Actually a few points here.
Lets look at the mechanics of what HAS been happening typically (from SCD/SAI history)
ETH price rising. CDP owners are ABLE to mint and sell more DAI (more DAI liquidity, typically lower DAI price than if the markets are stable or decreasing). IF we factor in SF in this a higher SF typically means less minting, and more likely for loans to be paid back (less DAI liquidity). SF rate has some effect here in terms of controlling the amount of DAI borrowers would be willing to mint.
ETH price dropping. CDP owners scrambling for collateral or better DAI to pay back loans. Here one needs DAI to short markets and so what we see is a PEG that goes > 1 because of lack of liquidity - particularly by CDP owners. This happens quite often. The SF rate effect here is basically NIL because the overwhelming concern of CDP holders is to not get liquidated vs. paying fees. In this case imo the SF rate is mostly irrellevant.
ETH price stable. This is the steady state collateral case where we will get minting if the PEG > 1 and sopping up to pay loans if < 1, provided the PEG fluctuation is significantly outside trade fee costs. The SF is in pretty good control here but based on the SCD data from last year it appears borrowers only react to changes of more than 5% up or down. It took the SF rate going from 1% to 18% before the PEG started to reverse from being as low as .98 at times to as high as 1.02 with fluctuations to .96 and 1.04.
Now if we add in the DSR effect. Think about what depositors think if the PEG goes below $1. This basically means they have lost all their DSR gains. Literally if in 1 month $1 DAI drops to .995 this is like a 6%/yr interest change in price and if they bought $1000DAI at the beginning of the month and withdrew and sold at the end of this month they would have gotten ~$3.33DAI worth of DAI in interest but then sold the $1003.33 for .995 to get 998.3 USD losing ~2%/yr effectively in interest. None of this includes fees on these transactions which are starting to be substantial for the ‘underserved’ (to the tune of .2-.5% or higher to exchange DAI to USDC on many exchanges now). Now lets reverse this. If the PEG is > 1 then DAI can come out of the DSR to sell and capture any extra return. Even a price of 1.005 provided fees don’t kill you can provide extra return to DSR holders. Certainly if the PEG is 1.01 or higher this can lead to return rates by selling DAI into markets from the DSR significantly higher than the DSR rate itself.

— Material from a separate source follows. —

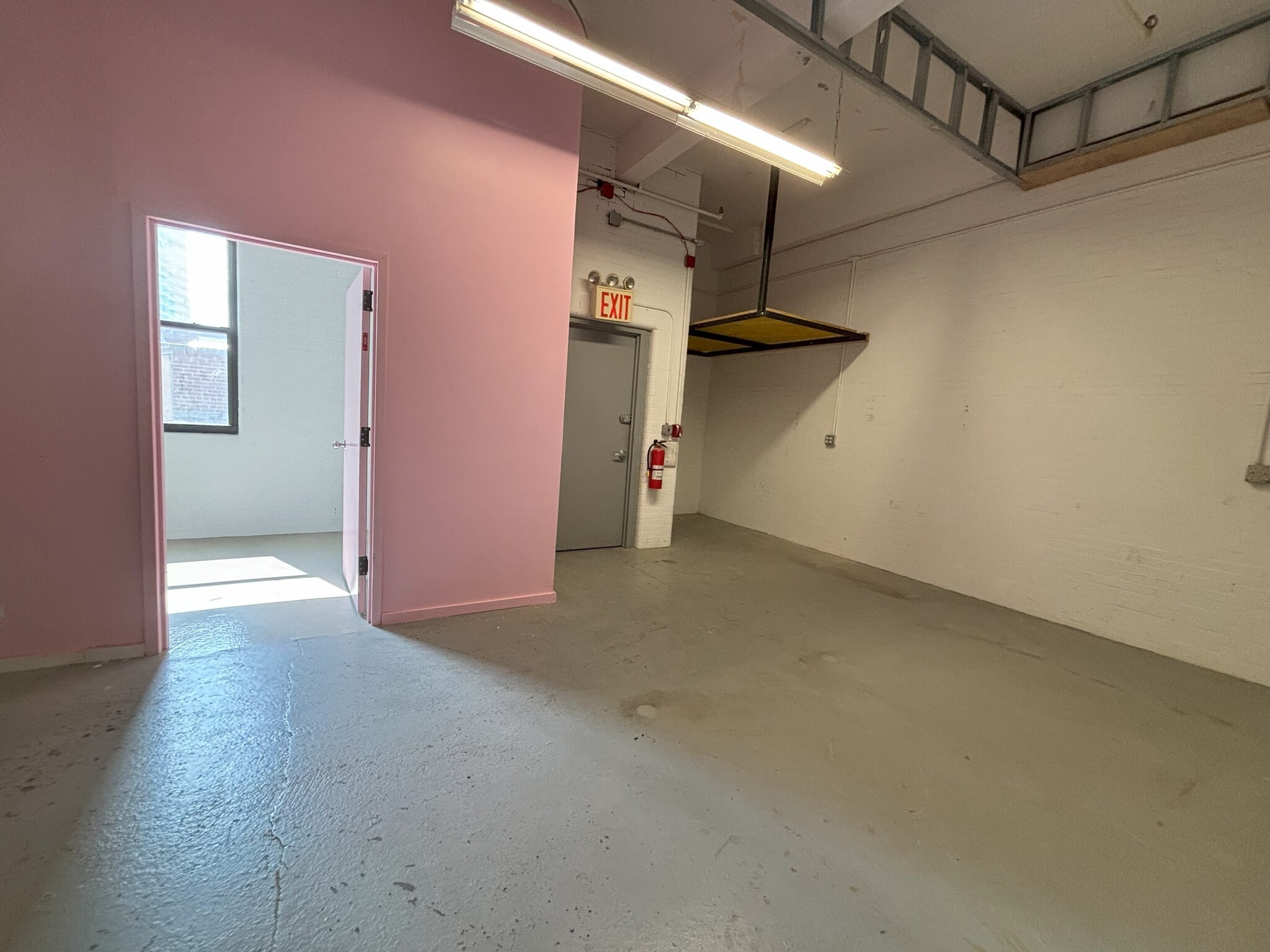 526 46th Ave, Long Island City, NY à louer Photo intérieure– Image 1 sur 5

I think this is one point underlooked and underdiscussed about the DSR. It is a great place for liquidity to appear if the PEG is high, but won’t do dink except be very upset and lose money if the PEG is below $1. Again none of this factors in fees to convert back to cash. The fees to convert to cash I consider to be the biggest reason why the PEGs are going to fluctuate about $1. It is why I think the absolute BEST PEG price target is .995-1.005 to perhaps 3 sigma. But when you consider this floating price against the return earned and the prices obtained when people need to convert their DAI to cash you see how easily their DSR return could be washed out immediately.

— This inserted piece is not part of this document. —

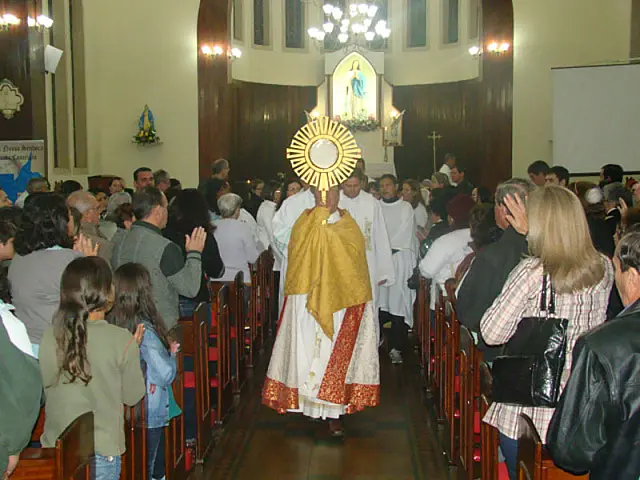 Aquidauanenses e anastacianos participam da festa de Corpus Christi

This is one of the many reasons the PEG being at $1 or higher is actually desireable and hence a higher than what markets might want SF, and a lower DAI growth trajectory for MKR holders, to facilitate the stated Maker objective. At least if Maker really wants to serve the ‘underserved’ - i.e. peoples who probably will never have more than $1000 DAI in their lives at any time. What Maker really should be focused on is enabling key markets where people can exchange DAI directly for goods these underserved might need/want to buy and so offloading the conversion fees to vendors who are more likely to have lower fees and more easily be able to absorb these fee costs. Maker should also be considering that the PEG needs to be maintained at or above $1 if possible. A better PEG target for these underserved markets is something like .997-1.007 with the mean at or around 1.002.